HELPLIB.HLB  —  System Services, $DELTVA
    Deletes a range of addresses from a process's virtual address
    space. Upon successful completion of the service, the deleted
    pages are inaccessible, and references to them cause access
    violations.

    Format

      SYS$DELTVA  inadr ,[retadr] ,[acmode]

    C Prototype

      int sys$deltva  (struct _va_range *inadr, struct _va_range

                      *retadr, unsigned int acmode);

1  –  Arguments

 inadr

    OpenVMS usage:address_range
    type:         longword (unsigned)
    access:       read only
    mechanism:    by reference
    Starting and ending virtual addresses of the pages to be
    deleted. The inadr argument is the address of a 2-longword array
    containing, in order, the starting and ending process virtual
    addresses. If the starting and ending virtual addresses are the
    same, a single page is deleted. The addresses are adjusted up or
    down to fall on CPU-specific page boundaries. Only the virtual
    page number portion of each virtual address is used; the low-
    order byte-within-page bits are ignored.

    The $DELTVA service deletes pages starting at the address
    contained in the second longword of the inadr argument and ending
    at the address in the first longword.
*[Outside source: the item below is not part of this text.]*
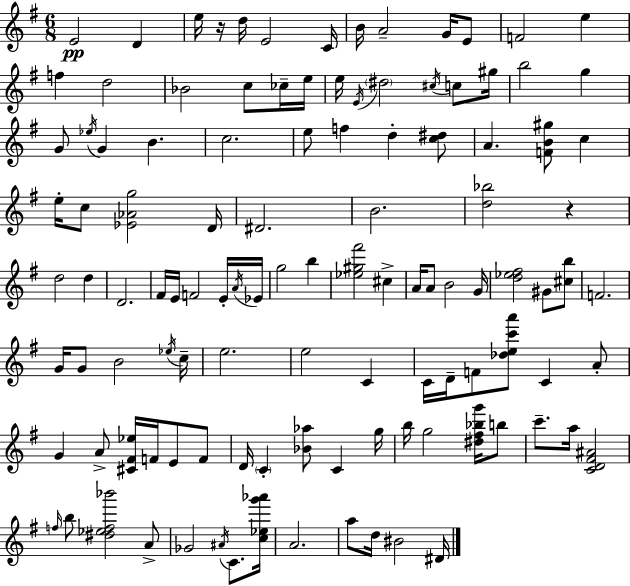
E4/h D4/q E5/s R/s D5/s E4/h C4/s B4/s A4/h G4/s E4/e F4/h E5/q F5/q D5/h Bb4/h C5/e CES5/s E5/s E5/s E4/s D#5/h C#5/s C5/e G#5/s B5/h G5/q G4/e Eb5/s G4/q B4/q. C5/h. E5/e F5/q D5/q [C5,D#5]/e A4/q. [F4,B4,G#5]/e C5/q E5/s C5/e [Eb4,Ab4,G5]/h D4/s D#4/h. B4/h. [D5,Bb5]/h R/q D5/h D5/q D4/h. F#4/s E4/s F4/h E4/s A4/s Eb4/s G5/h B5/q [Eb5,G#5,F#6]/h C#5/q A4/s A4/e B4/h G4/s [D5,Eb5,F#5]/h G#4/e [C#5,B5]/e F4/h. G4/s G4/e B4/h Eb5/s C5/s E5/h. E5/h C4/q C4/s D4/s F4/e [Db5,E5,C6,A6]/e C4/q A4/e G4/q A4/e [C#4,F#4,Eb5]/s F4/s E4/e F4/e D4/s C4/q [Bb4,Ab5]/e C4/q G5/s B5/s G5/h [D#5,F#5,Bb5,G6]/s B5/e C6/e. A5/s [C4,D4,F#4,A#4]/h F5/s B5/e [D#5,Eb5,F5,Bb6]/h A4/e Gb4/h A#4/s C4/e. [C5,Eb5,G6,Ab6]/s A4/h. A5/e D5/s BIS4/h D#4/s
Thus, if you use the same
    address array for both the Create Virtual Address Space ($CRETVA)
    and the $DELTVA services, the pages are deleted in the reverse
    order from which they were created.

 retadr

    OpenVMS usage:address_range
    type:         longword (unsigned)
    access:       write only
    mechanism:    by reference
    Starting and ending process virtual addresses of the pages that
    $DELTVA has deleted. The retadr argument is the address of a
    2-longword array containing, in order, the starting and ending
    process virtual addresses.

 acmode

    OpenVMS usage:access_mode
    type:         longword (unsigned)
    access:       read only
    mechanism:    by value
    Access mode on behalf of which the service is to be performed.
    The acmode argument is a longword containing the access mode.

    The most privileged access mode used is the access mode of the
    caller. The calling process can delete pages only if those pages
    are owned by an access mode equal to or less privileged than the
    access mode of the calling process.